CSX Transportation, one of the largest rail operators in North America, is not worried about the auto industry’s potential strike impacting their bottom line, according to their CFO. Sean Pelkey, who spoke at a transportation conference in New York last week, said that even if a strike was to occur, it most likely wouldn’t last long enough for his company to feel any ripple effects.
“The intel we have, our best guess, is even if there is a strike, hopefully, it will be short-lived,” Pelkey said. “There will still be vehicles that need to be moved, and when you think about the supply chain for inbound products, I don’t think auto companies will cut that off day one.”
The United Auto Workers (UAW) union, which is currently in the process of voting to move forward with a work stoppage, has nearly 150,000 members ready to walk off their jobs due to discrepancies around wages, benefits, and job security. According to some estimates, this could result in $5 billion in losses after 10 days.

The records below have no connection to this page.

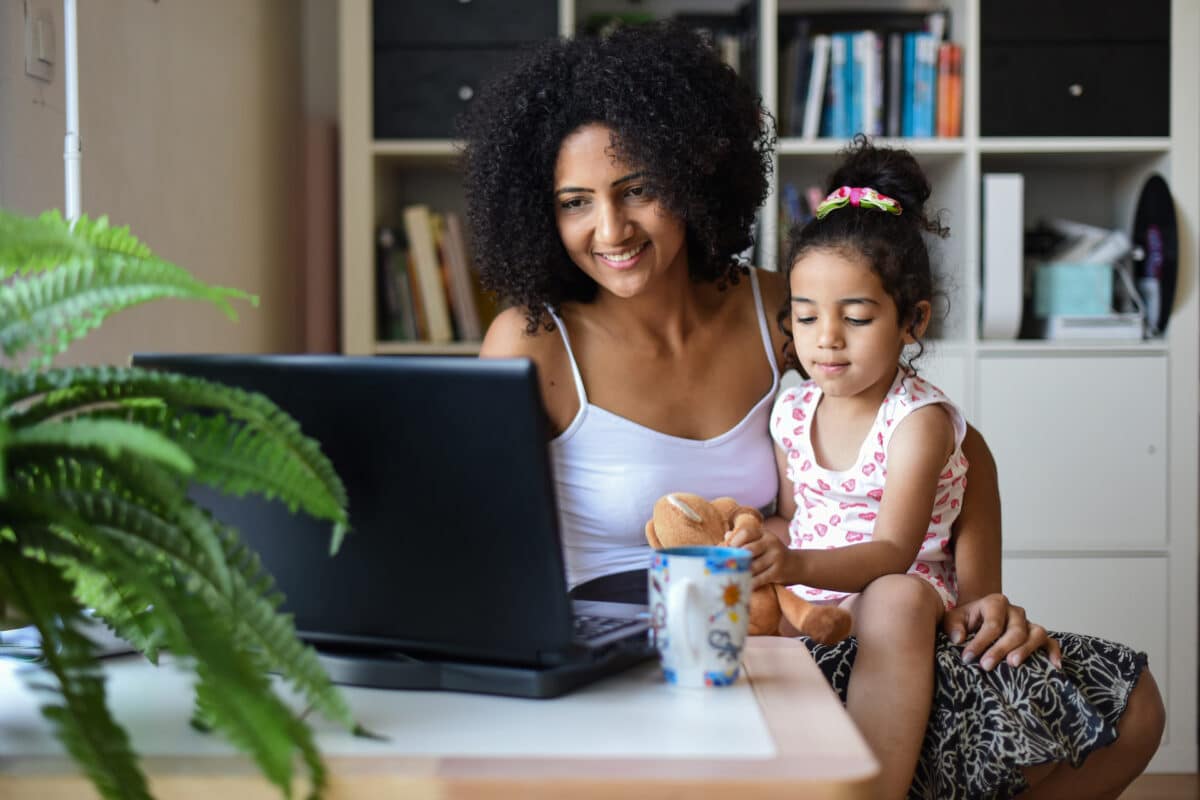 une femme avec sa fille dans les bras consulte un ordinateur assise, elle vient d'apprendre une bonne nouvelle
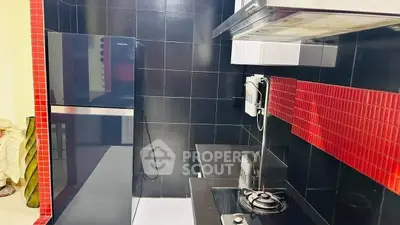 Modern kitchen with sleek black and red tile design, featuring a gas stove and refrigerator.
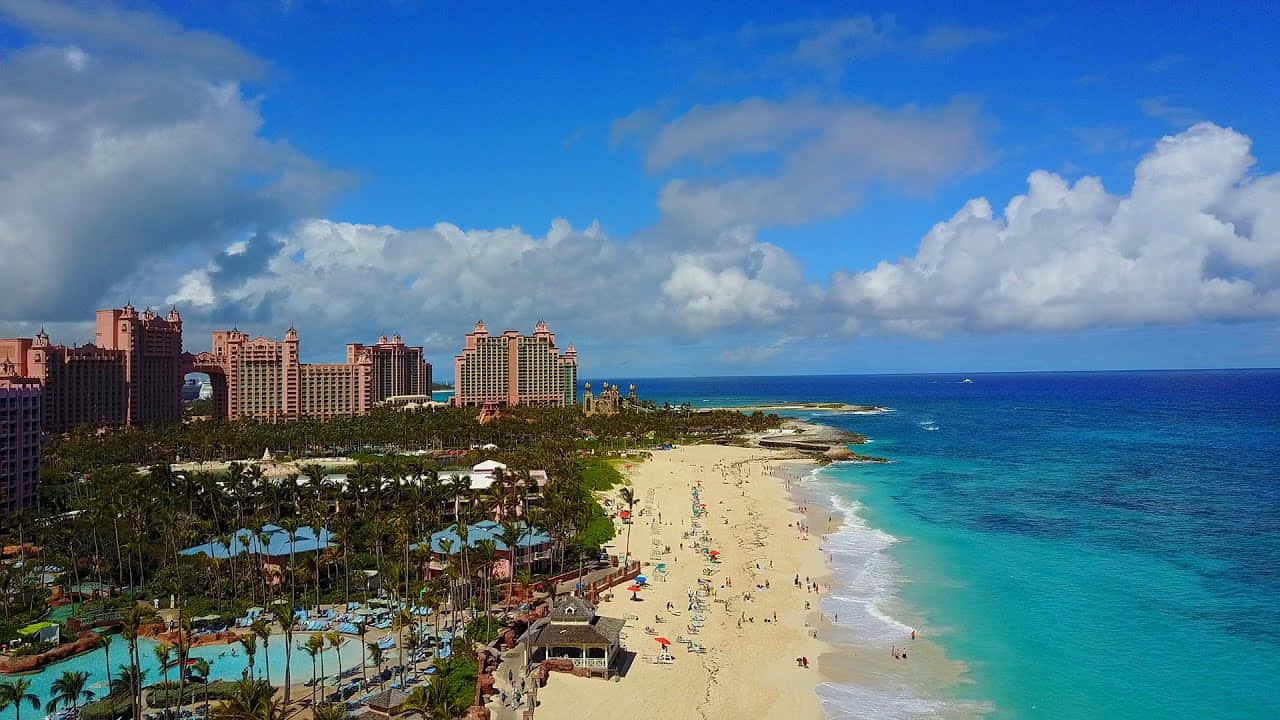 Bahamas Island 桌布 壁紙 — 繁忙的熱帶海濱度假村的鳥瞰圖，擁有碧綠的海水和粉紅色調的酒店，在明亮的藍天下。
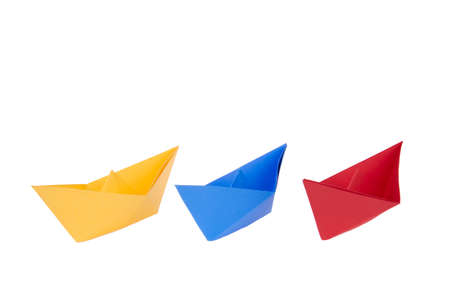 isolated in white boats made of folded colored paperの写真素材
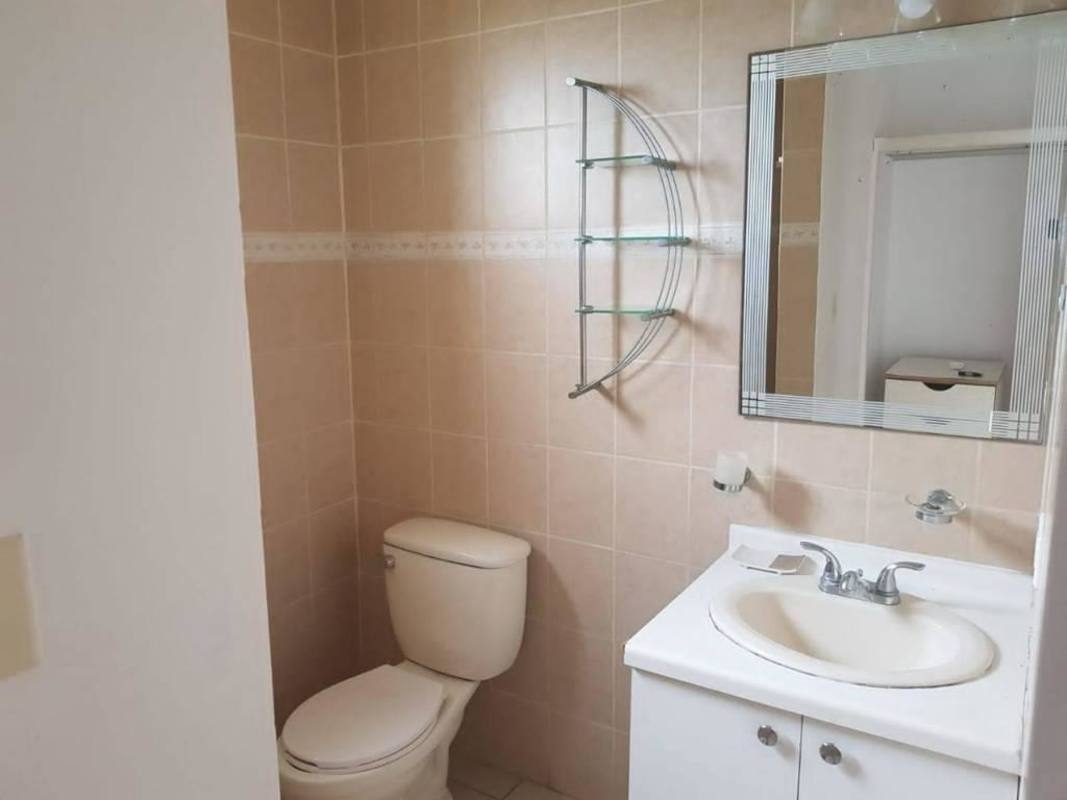 Modern bathroom with vanity beige tiles wall mirror and fixtures in PH Nuova Villa de la Fuentes Panama City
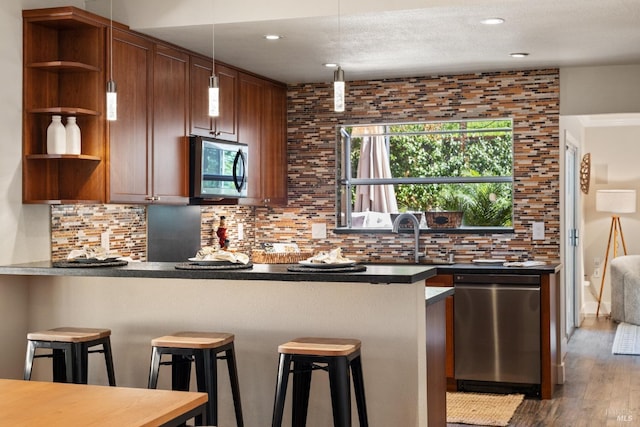 kitchen featuring open shelves, a peninsula, backsplash, and stainless steel appliances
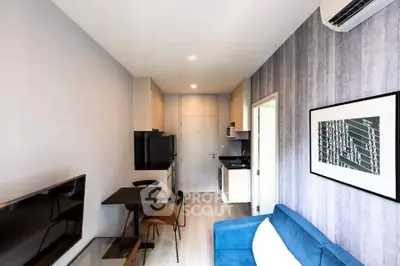 Modern living room with stylish decor and open kitchen layout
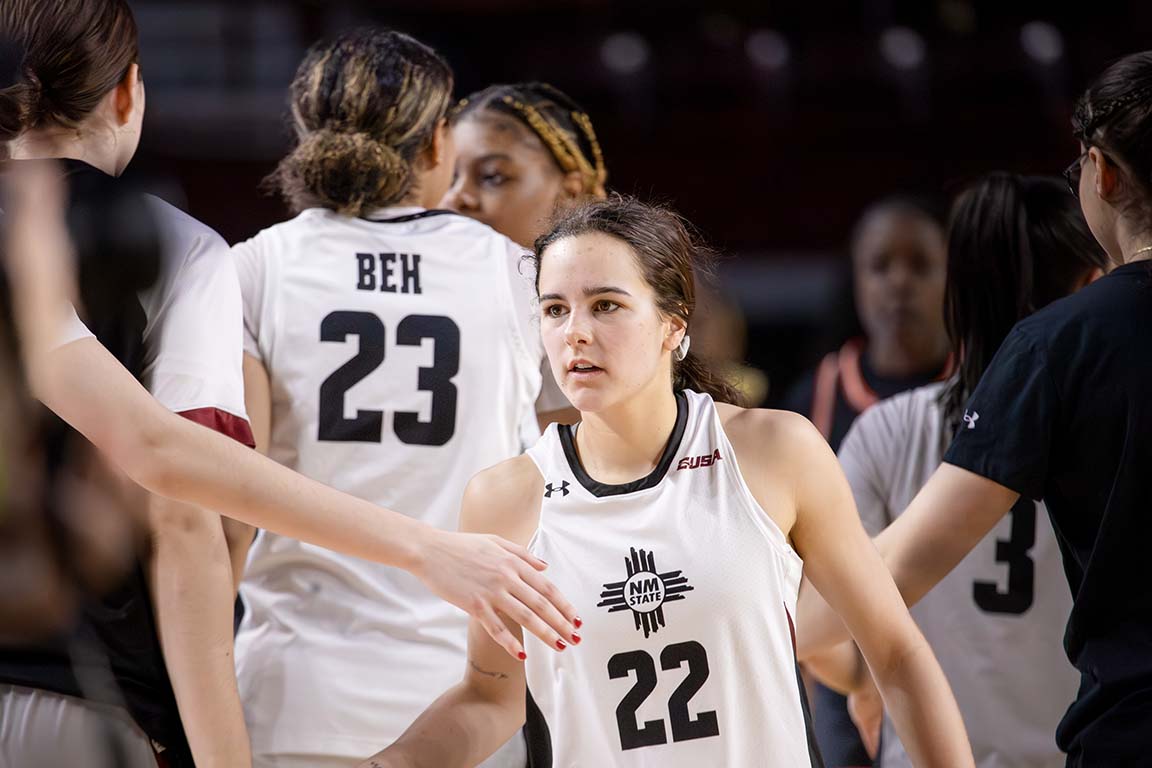 Following the final buzzer, guard Emma Christiano (22) celebrates with teammates after NMSU’s 65–57 victory. Feb. 5, 2025.
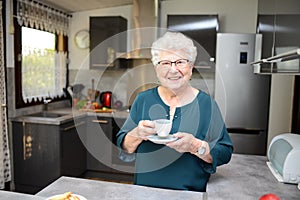 Happy elderly senior active woman drinking coffee in a modern kitchen at home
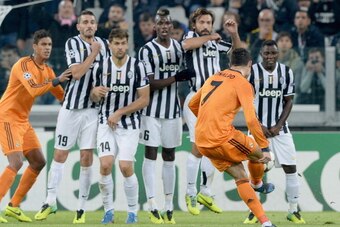 TURIN, ITALY - NOVEMBER 05:  Cristiano Ronaldo of Real Madrid tries to shoot a frre kick over the Juventus wall during the UEFA Champions League Group B match between Juventus and Real Madrid  at Juventus Arena on November 5, 2013 in Turin, Italy.  (Photo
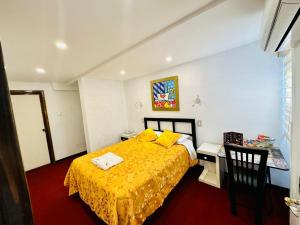 een slaapkamer met een geel bed en een tafel en stoelen bij Le Prince Arica in Arica +18 foto's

According to the finance chief, the auto industry isn’t the only subset of his customers that may have a decreased need for CSX services moving forward. He said the chemical sector has been lagging, consumer demand in paper and pulp has dropped to the point where freight demands are decreasing, and livestock feed is more now commonly trucked in locally than shipped out via rail.
Pelkey, when discussing the finances of his own company, said he still needs to cut $2 million from CSX’s budget. He also claimed the company is focused more on outsourcing, particularly in the maintenance area. This will translate into further cost savings, regardless of any strikes, and get the company closer to its ideal budget.
“Our best guess, is even if there is a strike, hopefully, it will be short-lived.”
CSX’s finance chief also mentioned the company’s labor issues, which he aims to overcome. Shifting its focus from conductor training to engineer training, the company is looking to build more flexibility into its protocols to respond more dynamically to shifts in demands for service.
“[That] might mean you’re running… a couple million a month heavy versus where you’d want to be, but you do the math… it pales in comparison to what you could translate that into in the spring if and when we see some growth opportunities,” Pelkey said.